The listing is particularly significant as it takes place in the year of punk’s 40th anniversary.
Professor Schofield, said: “I think these artworks are highly significant, but that view and the Grade II* listing will of course divide opinion - the Sex Pistols are and will always be controversial.
“I have mixed feelings about the listing to be honest. It is good to have this designation off the coattails of our own research, and to see such an alternative and counter-cultural place given this national recognition.
“But it is also a rather odd contradiction, for a building so closely associated with the Sex Pistols and their rallying cry ‘No Future’ to be preserved for the benefit of future generations.
“Punk helped change the world, and it did so with genuine anger, but also with passion, compassion and humour. May be there is a lesson there for our times. Denmark Street was where it all started.”

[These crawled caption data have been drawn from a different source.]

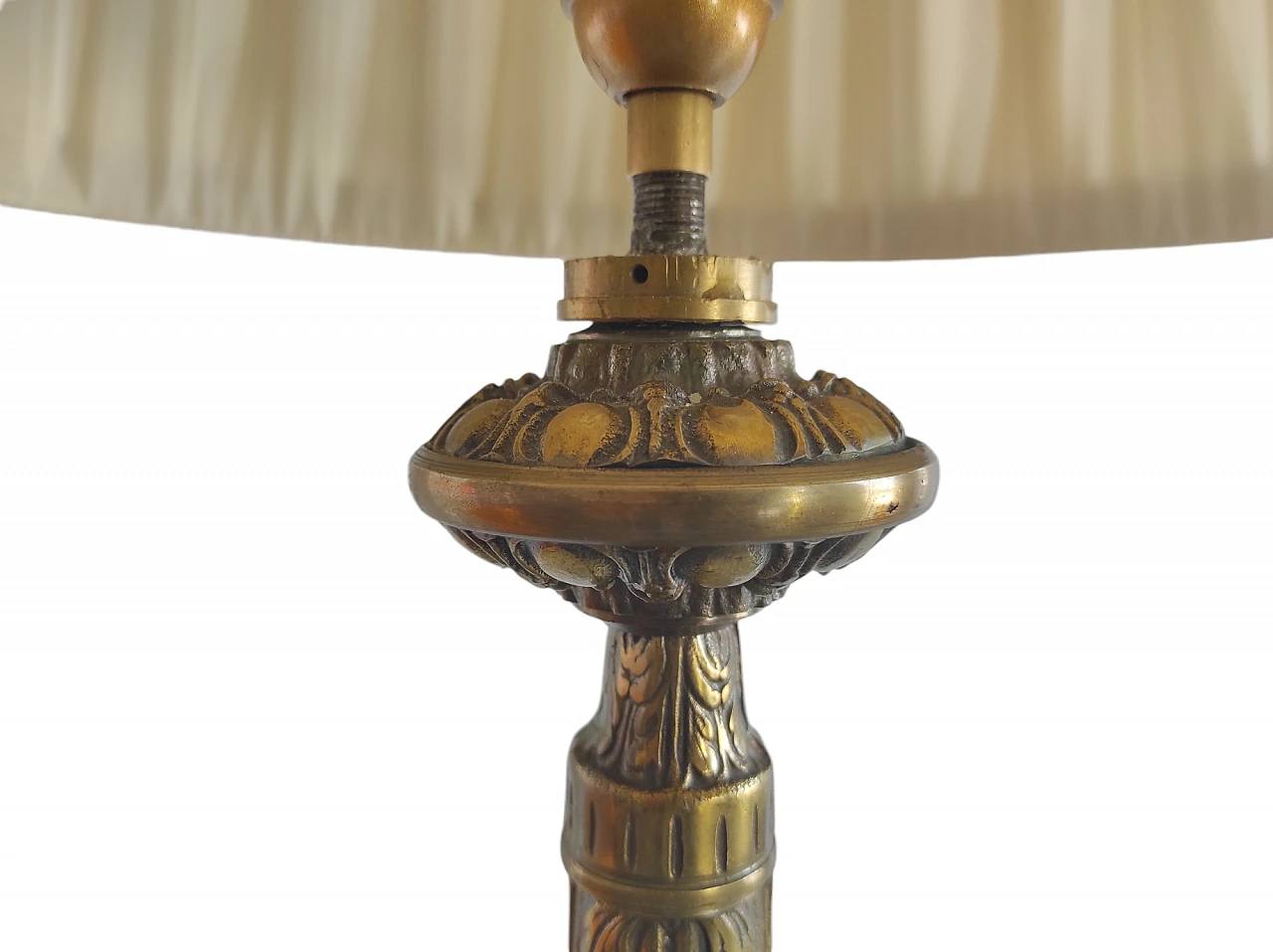 Brass floor lamp with baroque style details 3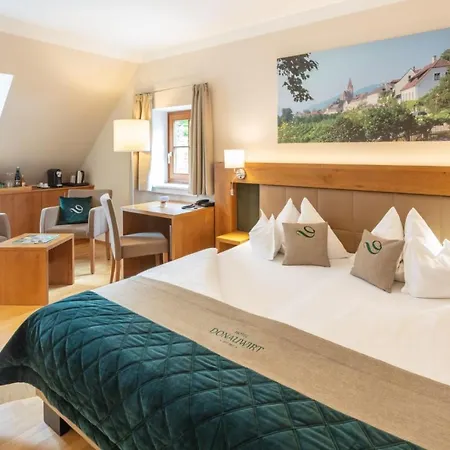 Hotel Donauwirt - Garni 4*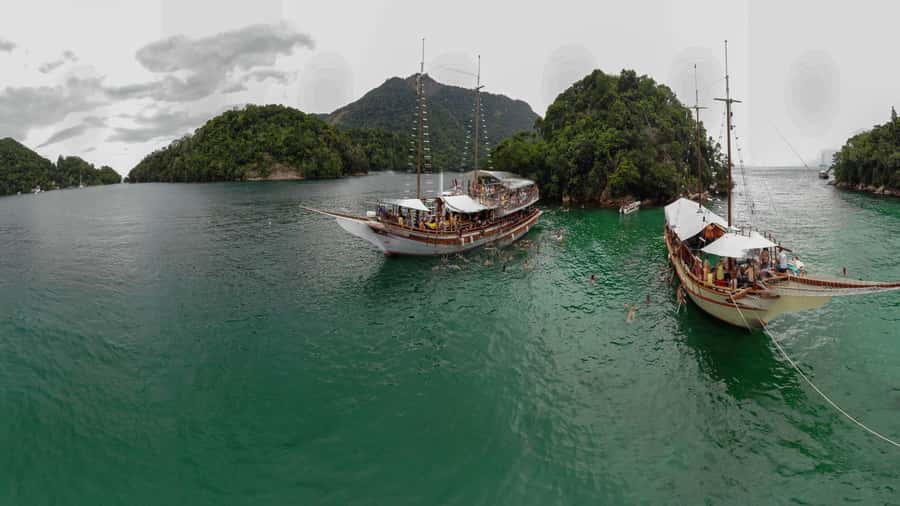 Angra dos Reis: Boat Tour in Ilha Grande and Lagoa Azul - Praia de Araçá: a smaller and quieter pause
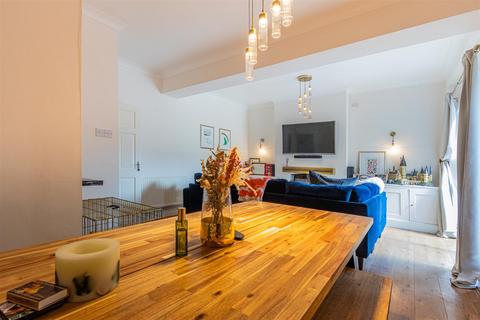 48 Amesbury Road, Cardiff, CF23 5DX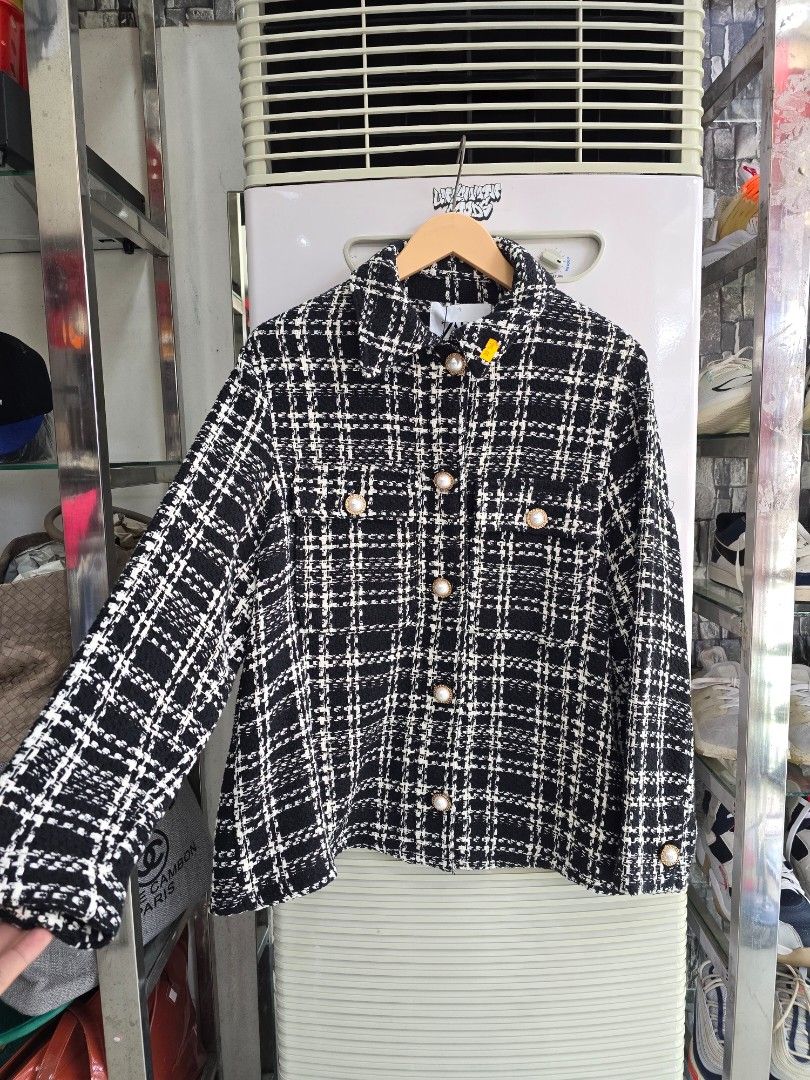Zara Tweed (Category: Coats, Jackets and Outerwear) located in Iba. Submitted by conditionexcellente (Listing ID 1469616159, Image 2). Description: .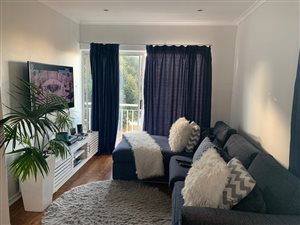 2 Bed Apartment in West Beach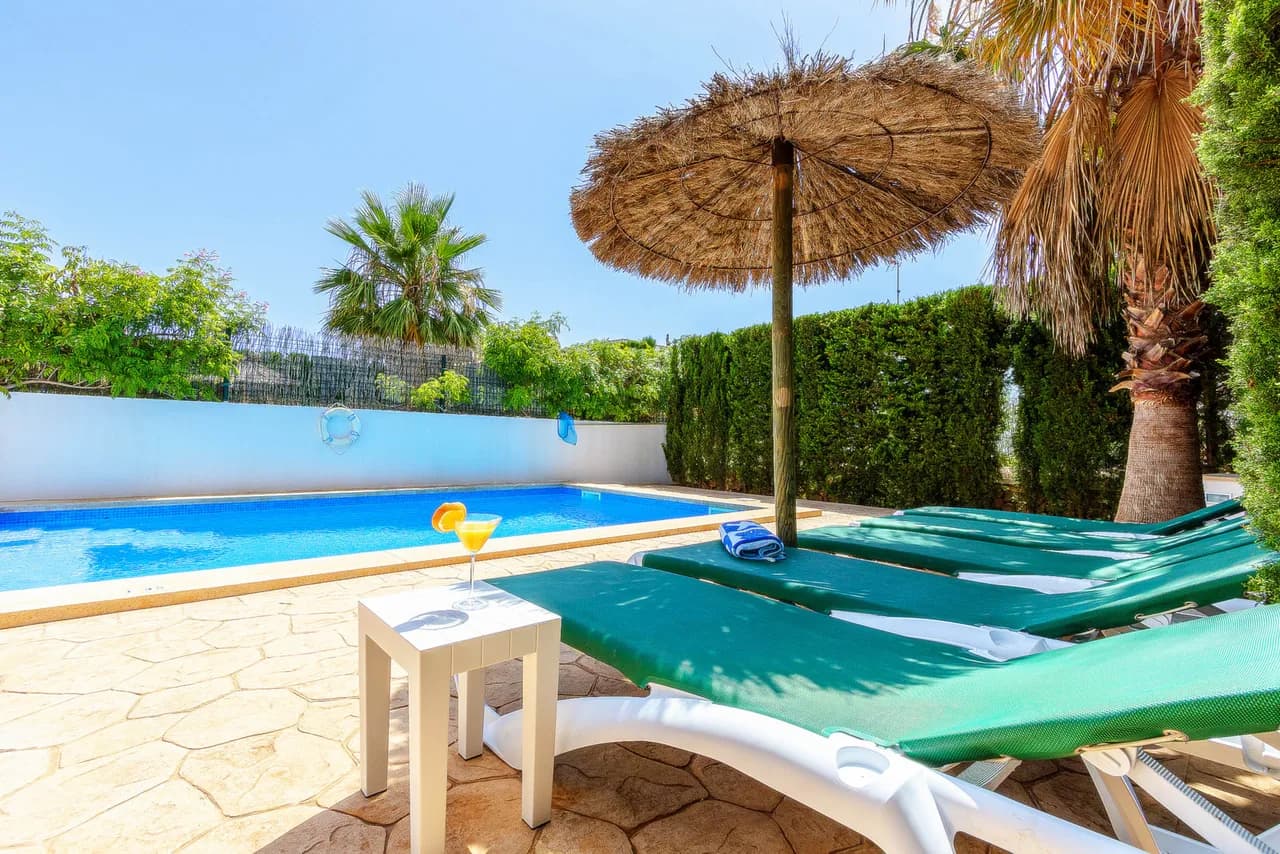 Centrally Located Three Bedroom Villa in Cala d'Or, foto 5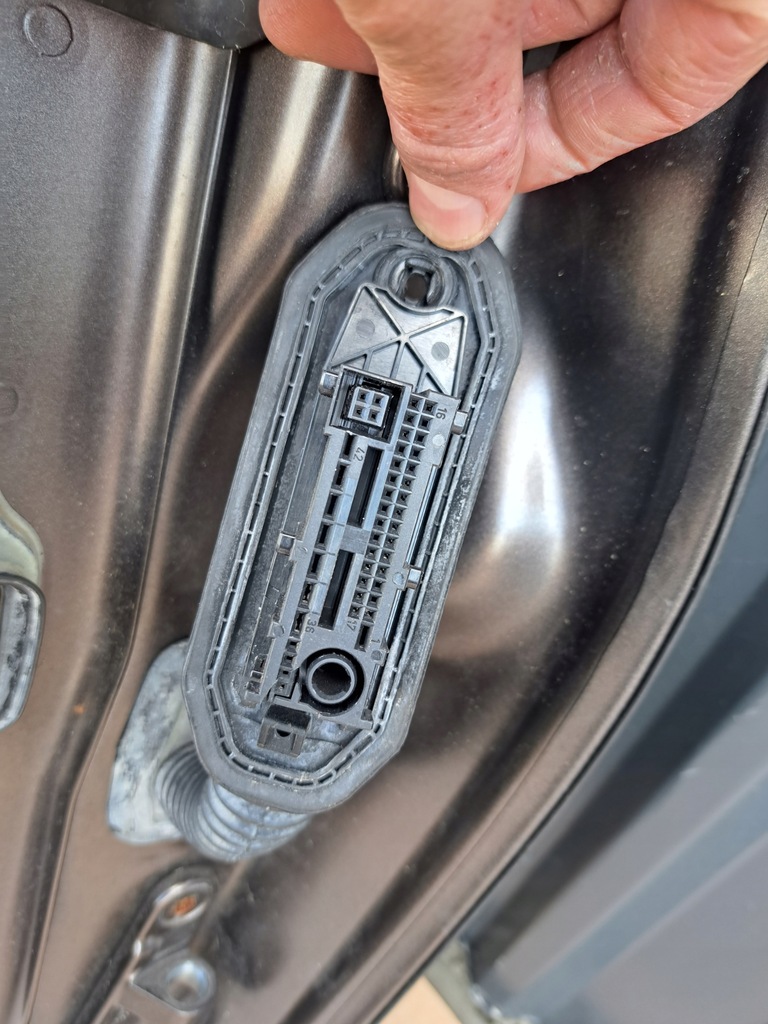 фото №16, Левая дверь задняя bmw 6 f06 lak. x11 доводчик keyless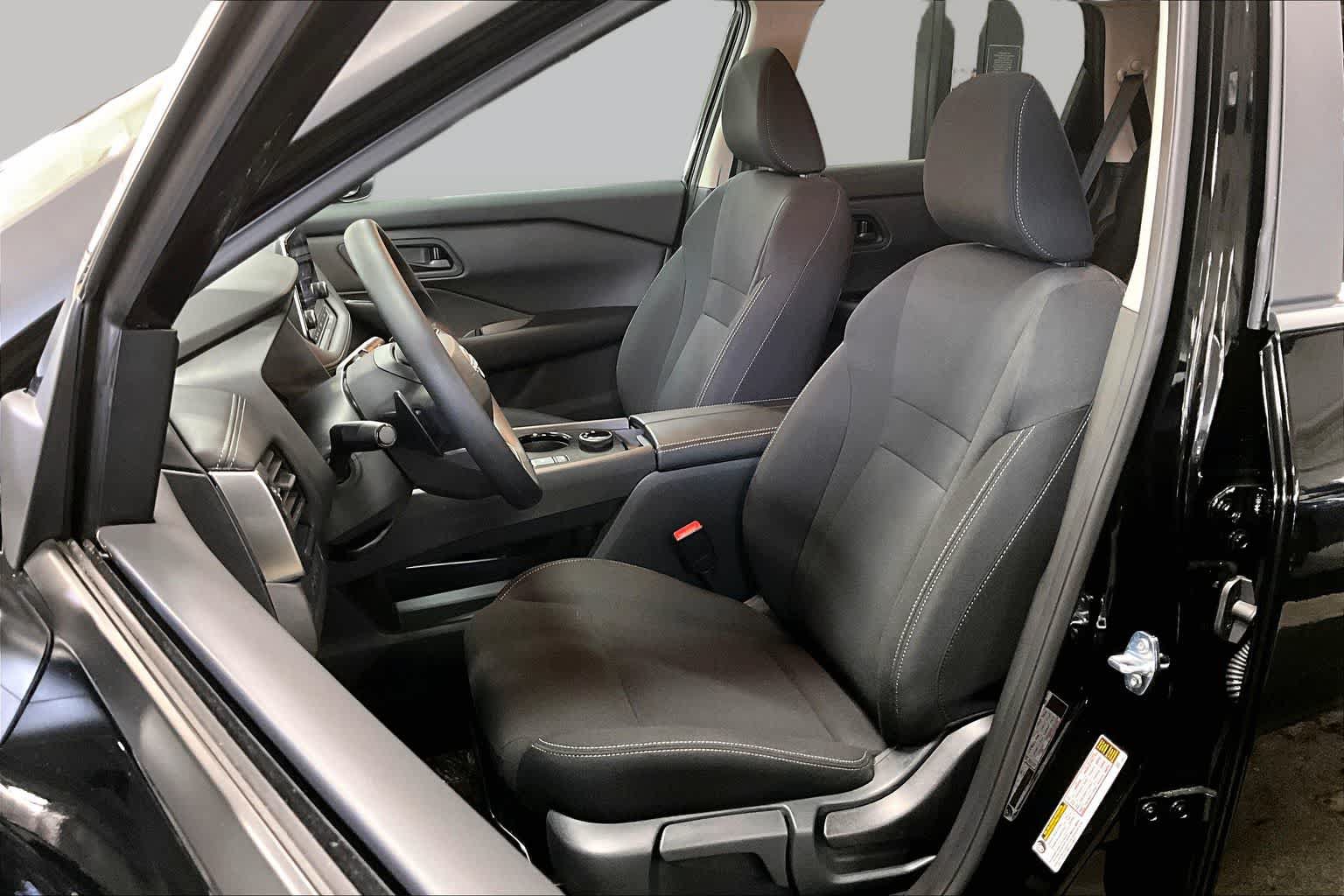 Used 2026 Nissan Rogue S AWD/4WD image 8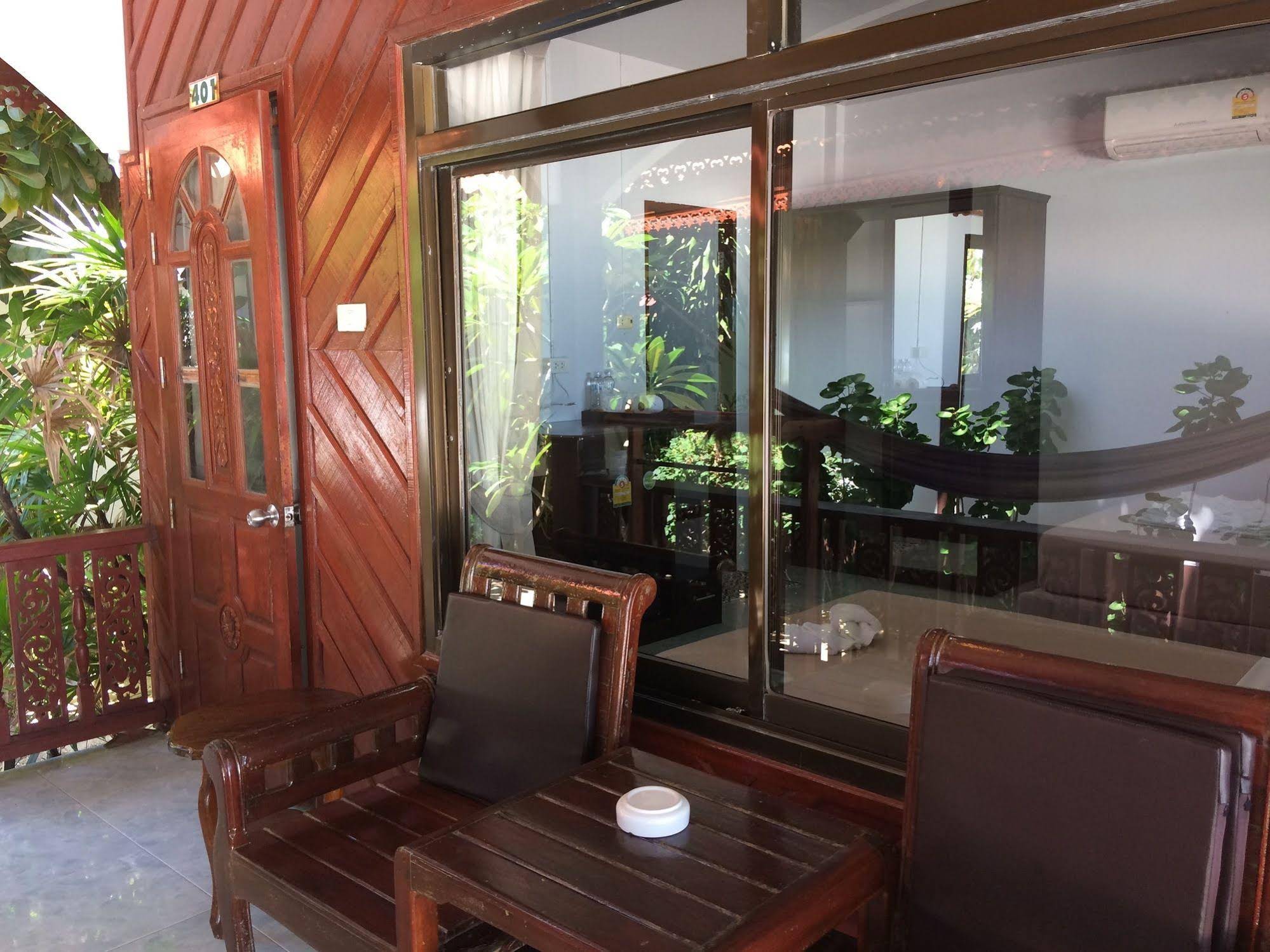 Pen's Bungalow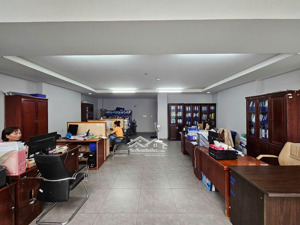 chính chủ gửi bán shophouse 2 tầng sky center / tân bình - dt: 130m2 - giá bán: 8 tỷ (bao thuế phí)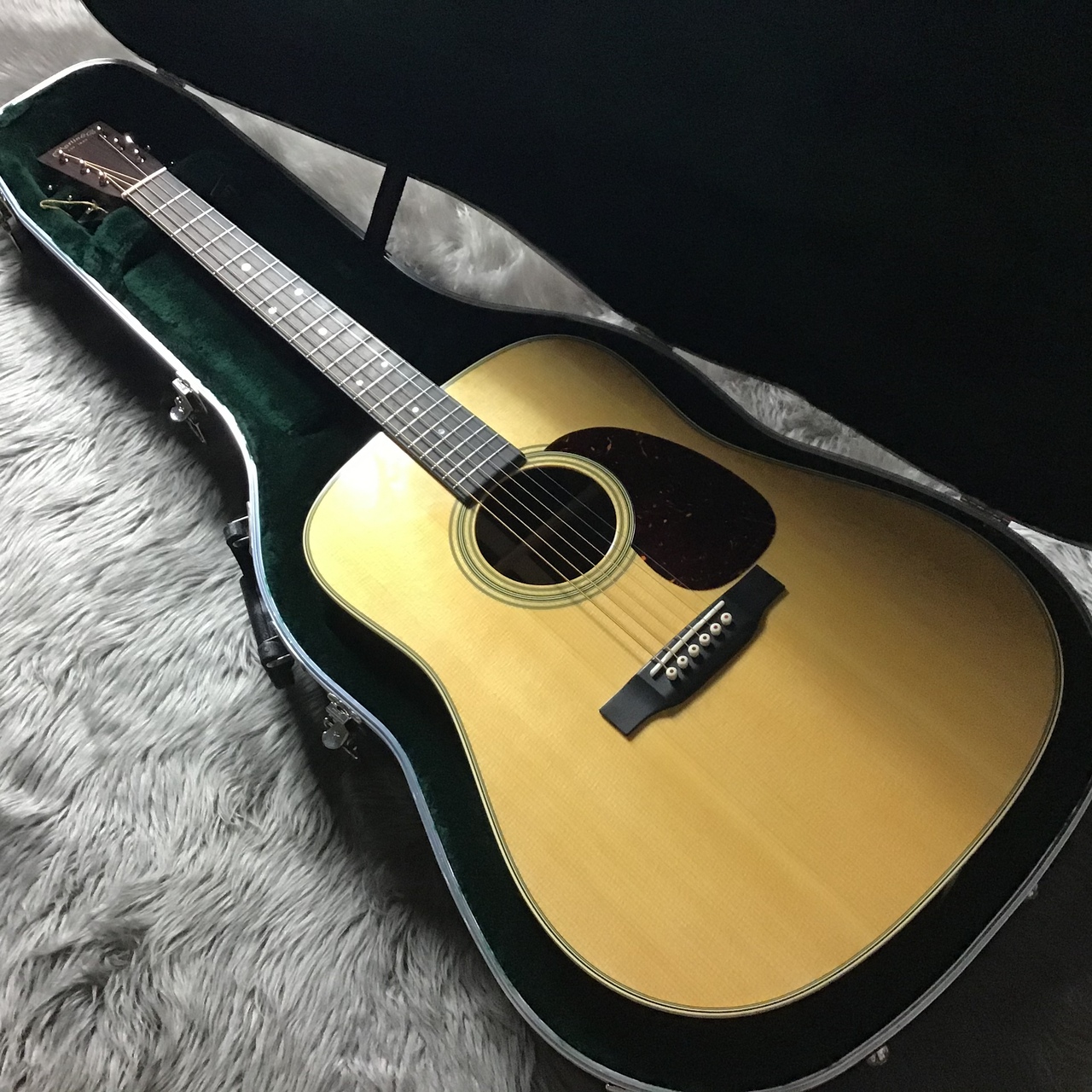 【アコースティックギター】王道のMartin D-28 Standardが再入荷！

Campaigners had argued that the building, where the pioneering punk band lived, rehearsed and made demo recordings for their first album, and which gave birth to the worldwide punk rock phenomenon, was important to the nation’s musical heritage.
The bulk of the artwork is by John Lydon (aka Rotten) and consists of eight cartoons depicting himself and other members of the band, as well as their manager, Malcolm McLaren, and other Pistols’ associates.